This PR adds HashiCorp Vault as a third read-only external credential store, mirroring the existing Infisical integration. It introduces internal/hashicorp (auth detection, vault/api client, periodic syncer), a SQLite migration to widen the kind CHECK constraint, server wiring for a second sync worker with correct DEK-drain ordering on shutdown, handler dispatch by store kind, CLI flags, and web form fields.

  • internal/hashicorp: New package with AppRole/Token auth detection, FetchSecrets for KV v1+v2, and a Syncer that mirrors the Infisical syncer's tick/in-flight/backoff pattern. Upstream error bodies are scrubbed from API responses; invalid-key names are gated to admin/owner callers.
  • Server/store: Migration 050 rebuilds vault_credential_stores with 'hashicorp' added to the kind CHECK; Start() correctly drains both external-store syncers before wiping the DEK; createHashicorpVault reuses the same owner-gated, probe-then-commit flow as createInfisicalVault.
  • CLI/docs: New --credential-store=hashicorp flags with matching validation and documentation.

Confidence Score: 4/5

Safe to merge with minor follow-up recommended on path validation and the login-goroutine context.

The core feature — auth-method detection, KV fetch, encrypted snapshot storage, syncer lifecycle, DEK-drain ordering, and owner-only gating — is implemented correctly and mirrors the proven Infisical path. The two areas worth attention before the next iteration are: the mount/secret_path fields accept ../ and Vault system-path prefixes without rejection (letting an owner probe beyond the intended KV namespace), and the login goroutine in attachHashicorpIfConfigured runs against context.Background() so it outlives its 10 s deadline. Neither causes a breach or data corruption in the normal path, but both are worth tightening.

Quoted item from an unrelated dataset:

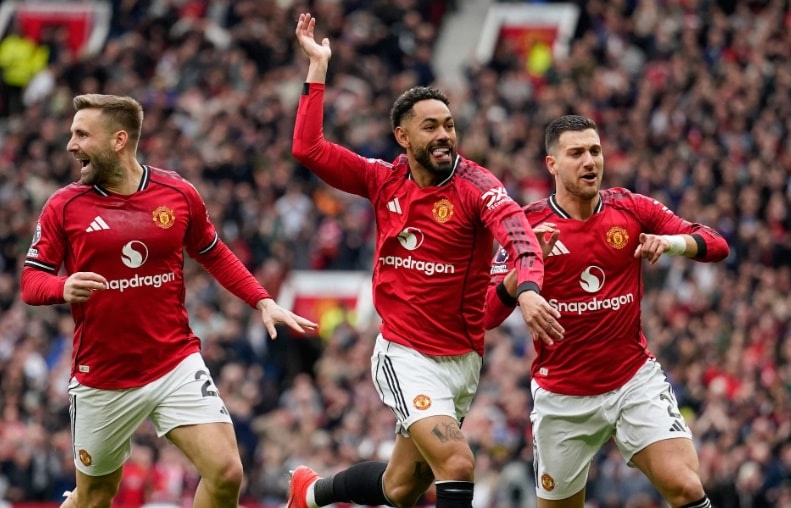 Manchester United chính thức trở lại đấu trường Champions League sau chiến thắng kịch tính trước Liverpool.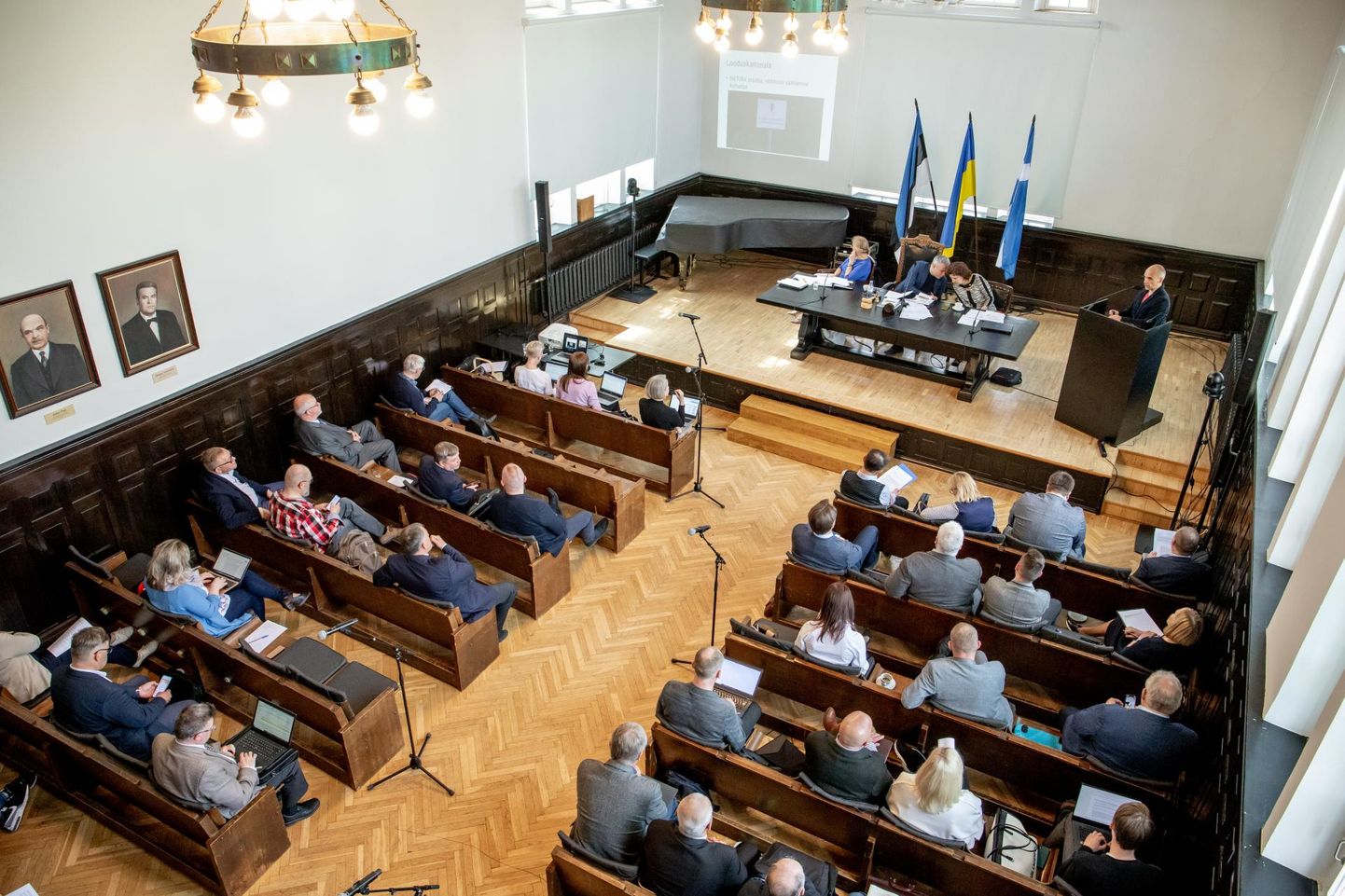 Kolm Pärnu linnavolikogu liiget palus oma liikmelisuse ajutiselt peatada.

internal/hashicorp/config.go (path validation gap) and cmd/server.go (login goroutine context).

Security Review

  • Path-level access not scoped to KV namespace (internal/hashicorp/config.go): VaultConfig.Validate() does not reject ../ traversal sequences or Vault system prefixes (e.g. sys/) in mount or secret_path. An instance owner can aim the broker at arbitrary paths on the configured Vault server. The host is fixed by the operator-set VAULT_ADDR, so this is not a host-level SSRF, but path-scope is broader than the intended KV read surface.
  • No new unauthenticated endpoints; external-store creation is correctly gated to the instance owner. Upstream error bodies are scrubbed before API responses. VAULT_TOKEN/VAULT_ROLE_ID/VAULT_SECRET_ID are read from env only and never logged or returned.

Important Files Changed

Filename Overview
internal/hashicorp/auth.go New file: auth-method detection (AppRole vs Token). Logic is correct; DetectAuthMethod has a vestigial error return that is always nil.
internal/hashicorp/client.go New file: vault/api client wrapper and FetchSecrets. Token lookup-self probe on startup is good. stringValue coercion is thorough.
internal/hashicorp/config.go New file: VaultConfig parsing and validation. Validate() lacks path traversal checks on mount/secret_path; mount trimming is asymmetric with secret_path.
internal/hashicorp/sync.go New file: periodic and manual syncer. In-flight guard, backoff-via-bump, DEK-drain on shutdown all correctly implemented. ErrInvalidKey surfacing to admin/owner only is well-gated.
cmd/server.go Adds attachHashicorpIfConfigured. Login goroutine receives context.Background() so it runs past the 10s deadline; a context-with-timeout should be passed instead.
internal/server/handle_vaults.go Adds createHashicorpVault and dispatches sync/list by kind. Upstream error scrubbing, config/error redaction for non-admin viewers, and owner gate all look correct.
internal/server/server.go Adds hashicorp client/syncer fields and startup wiring. DEK-wipe drain correctly waits on both syncers before zeroing encKey.
internal/store/migrations/050_hashicorp_credential_store.sql SQLite table-rebuild migration to widen the kind CHECK constraint. Correct pattern for SQLite; foreign keys turned off and back on; existing rows preserved.
cmd/vaults.go Adds hashicorp case to vaultCreateCmd and printCredentialStore. Validation matches server-side constraints.

Comments Outside Diff (1)

  1. cmd/server.go, line 78-92 (link)

    P2 Login goroutine not bounded by the 10s deadline

    hashicorp.NewClient receives context.Background(), so the WriteWithContext/LookupSelfWithContext calls inside login() are never cancelled when the time.After(10 * time.Second) case fires. If the Vault server is reachable but slow, the goroutine can block for the full TCP keep-alive or OS connection timeout (up to several minutes), silently holding the vault/api HTTP connection pool open. Because the channel is buffered the goroutine eventually completes and its result is discarded — but the delay and wasted resources are avoidable. Passing a context.WithTimeout(context.Background(), 10*time.Second) into the goroutine instead would cancel the underlying RPC when the outer deadline fires.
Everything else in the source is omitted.